Continuous Steepest Descent Path for Traversing Non-Convex Regions
Abstract
In this thesis, we investigate methods of finding a local minimum for unconstrained problems of non-convex functions with n variables, by following the solution curve of a system of ordinary differential equations. The motivation for this was the fact that existing methods (e.g. those based on Newton methods with line search) sometimes terminate at a non-stationary point when applied to functions f(x) that do not a have positive-definite Hessian (i.e. ∇2f ≻ 0) for all x. Even when methods terminate at a stationary point it could be a saddle or maximum rather than a minimum. The only method which makes intuitive sense in non-convex region is the trust region approach where we seek a
step which minimises a quadratic model subject to a restriction on the two-norm of the step size. This gives a well-defined search direction but at the expense of a costly evaluation.
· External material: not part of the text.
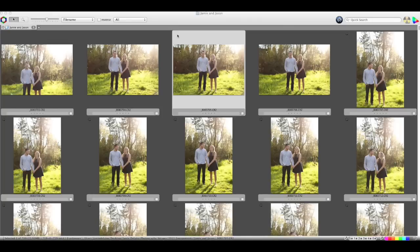Hi everyone. Today I wanted to show you the process of how I blog a wedding quickly and efficiently. As you can tell, this is not a wedding — this is a recent engagement shoot. I don't have any raw files for weddings since once they're edited I've never had a need for them. So this is a shoot from two days ago and I'm going to show you the exact same process.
The algorithms derived in this thesis are gradient based methods which require systems of equations to be solved at each step but which do not use a line search in the usual sense. Progress along the Continuous Steepest Descent Path (CSDP) is governed both by the decrease in the function value and measures of accuracy
of a local quadratic model. Numerical results on specially constructed test problems and a number of standard test problems from CUTEr [38] show that the approaches we have considered
are more promising when compared with routines in the optimization tool box of MATLAB [46], namely the trust region method and the quasi-Newton method. In particular, they perform well in comparison with the, superficially similar, gradient-flow method proposed by Behrman [7].